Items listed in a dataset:
+-------+
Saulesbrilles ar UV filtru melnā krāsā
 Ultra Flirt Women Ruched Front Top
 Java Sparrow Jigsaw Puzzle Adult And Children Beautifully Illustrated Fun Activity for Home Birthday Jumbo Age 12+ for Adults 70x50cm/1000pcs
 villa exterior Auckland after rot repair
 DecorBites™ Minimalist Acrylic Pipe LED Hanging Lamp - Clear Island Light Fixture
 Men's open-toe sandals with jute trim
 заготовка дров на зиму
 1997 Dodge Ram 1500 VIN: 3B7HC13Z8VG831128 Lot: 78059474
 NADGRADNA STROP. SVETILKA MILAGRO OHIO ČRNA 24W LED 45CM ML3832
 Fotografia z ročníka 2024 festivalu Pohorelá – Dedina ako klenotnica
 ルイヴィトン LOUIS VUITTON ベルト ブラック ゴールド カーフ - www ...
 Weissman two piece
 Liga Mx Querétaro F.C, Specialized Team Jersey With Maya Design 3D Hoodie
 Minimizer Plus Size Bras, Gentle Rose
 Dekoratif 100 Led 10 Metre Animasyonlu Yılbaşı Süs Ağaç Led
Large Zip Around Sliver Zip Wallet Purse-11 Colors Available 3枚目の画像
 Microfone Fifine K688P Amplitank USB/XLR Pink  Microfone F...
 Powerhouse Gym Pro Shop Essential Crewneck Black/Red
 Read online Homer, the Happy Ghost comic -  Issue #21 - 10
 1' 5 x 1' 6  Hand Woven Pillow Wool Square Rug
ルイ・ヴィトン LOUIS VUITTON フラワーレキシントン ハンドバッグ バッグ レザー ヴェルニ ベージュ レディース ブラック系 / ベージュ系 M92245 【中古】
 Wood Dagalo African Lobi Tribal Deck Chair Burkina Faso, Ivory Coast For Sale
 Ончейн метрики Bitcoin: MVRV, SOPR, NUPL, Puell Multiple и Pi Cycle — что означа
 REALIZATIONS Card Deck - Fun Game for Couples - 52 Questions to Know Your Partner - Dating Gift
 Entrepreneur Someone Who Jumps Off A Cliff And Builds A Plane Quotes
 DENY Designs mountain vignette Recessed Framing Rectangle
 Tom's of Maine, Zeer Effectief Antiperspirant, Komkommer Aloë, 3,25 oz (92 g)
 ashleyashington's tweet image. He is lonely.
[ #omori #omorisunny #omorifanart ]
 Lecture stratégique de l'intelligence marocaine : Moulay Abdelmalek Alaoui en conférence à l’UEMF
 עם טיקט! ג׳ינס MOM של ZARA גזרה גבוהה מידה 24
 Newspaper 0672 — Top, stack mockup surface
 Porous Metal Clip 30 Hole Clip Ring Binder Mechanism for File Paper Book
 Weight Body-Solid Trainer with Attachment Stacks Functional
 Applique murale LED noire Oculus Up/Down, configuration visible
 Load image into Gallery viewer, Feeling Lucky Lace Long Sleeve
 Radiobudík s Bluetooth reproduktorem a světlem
+-------+
Work task: Please repeat every record above word for word.

The answer:
Saulesbrilles ar UV filtru melnā krāsā
 Ultra Flirt Women Ruched Front Top
 Java Sparrow Jigsaw Puzzle Adult And Children Beautifully Illustrated Fun Activity for Home Birthday Jumbo Age 12+ for Adults 70x50cm/1000pcs
 villa exterior Auckland after rot repair
 DecorBites™ Minimalist Acrylic Pipe LED Hanging Lamp - Clear Island Light Fixture
 Men's open-toe sandals with jute trim
 заготовка дров на зиму
 1997 Dodge Ram 1500 VIN: 3B7HC13Z8VG831128 Lot: 78059474
 NADGRADNA STROP. SVETILKA MILAGRO OHIO ČRNA 24W LED 45CM ML3832
 Fotografia z ročníka 2024 festivalu Pohorelá – Dedina ako klenotnica
 ルイヴィトン LOUIS VUITTON ベルト ブラック ゴールド カーフ - www ...
 Weissman two piece
 Liga Mx Querétaro F.C, Specialized Team Jersey With Maya Design 3D Hoodie
 Minimizer Plus Size Bras, Gentle Rose
 Dekoratif 100 Led 10 Metre Animasyonlu Yılbaşı Süs Ağaç Led
Large Zip Around Sliver Zip Wallet Purse-11 Colors Available 3枚目の画像
 Microfone Fifine K688P Amplitank USB/XLR Pink  Microfone F...
 Powerhouse Gym Pro Shop Essential Crewneck Black/Red
 Read online Homer, the Happy Ghost comic -  Issue #21 - 10
 1' 5 x 1' 6  Hand Woven Pillow Wool Square Rug
ルイ・ヴィトン LOUIS VUITTON フラワーレキシントン ハンドバッグ バッグ レザー ヴェルニ ベージュ レディース ブラック系 / ベージュ系 M92245 【中古】
 Wood Dagalo African Lobi Tribal Deck Chair Burkina Faso, Ivory Coast For Sale
 Ончейн метрики Bitcoin: MVRV, SOPR, NUPL, Puell Multiple и Pi Cycle — что означа
 REALIZATIONS Card Deck - Fun Game for Couples - 52 Questions to Know Your Partner - Dating Gift
 Entrepreneur Someone Who Jumps Off A Cliff And Builds A Plane Quotes
 DENY Designs mountain vignette Recessed Framing Rectangle
 Tom's of Maine, Zeer Effectief Antiperspirant, Komkommer Aloë, 3,25 oz (92 g)
 ashleyashington's tweet image. He is lonely.
[ #omori #omorisunny #omorifanart ]
 Lecture stratégique de l'intelligence marocaine : Moulay Abdelmalek Alaoui en conférence à l’UEMF
 עם טיקט! ג׳ינס MOM של ZARA גזרה גבוהה מידה 24
 Newspaper 0672 — Top, stack mockup surface
 Porous Metal Clip 30 Hole Clip Ring Binder Mechanism for File Paper Book
 Weight Body-Solid Trainer with Attachment Stacks Functional
 Applique murale LED noire Oculus Up/Down, configuration visible
 Load image into Gallery viewer, Feeling Lucky Lace Long Sleeve
 Radiobudík s Bluetooth reproduktorem a světlem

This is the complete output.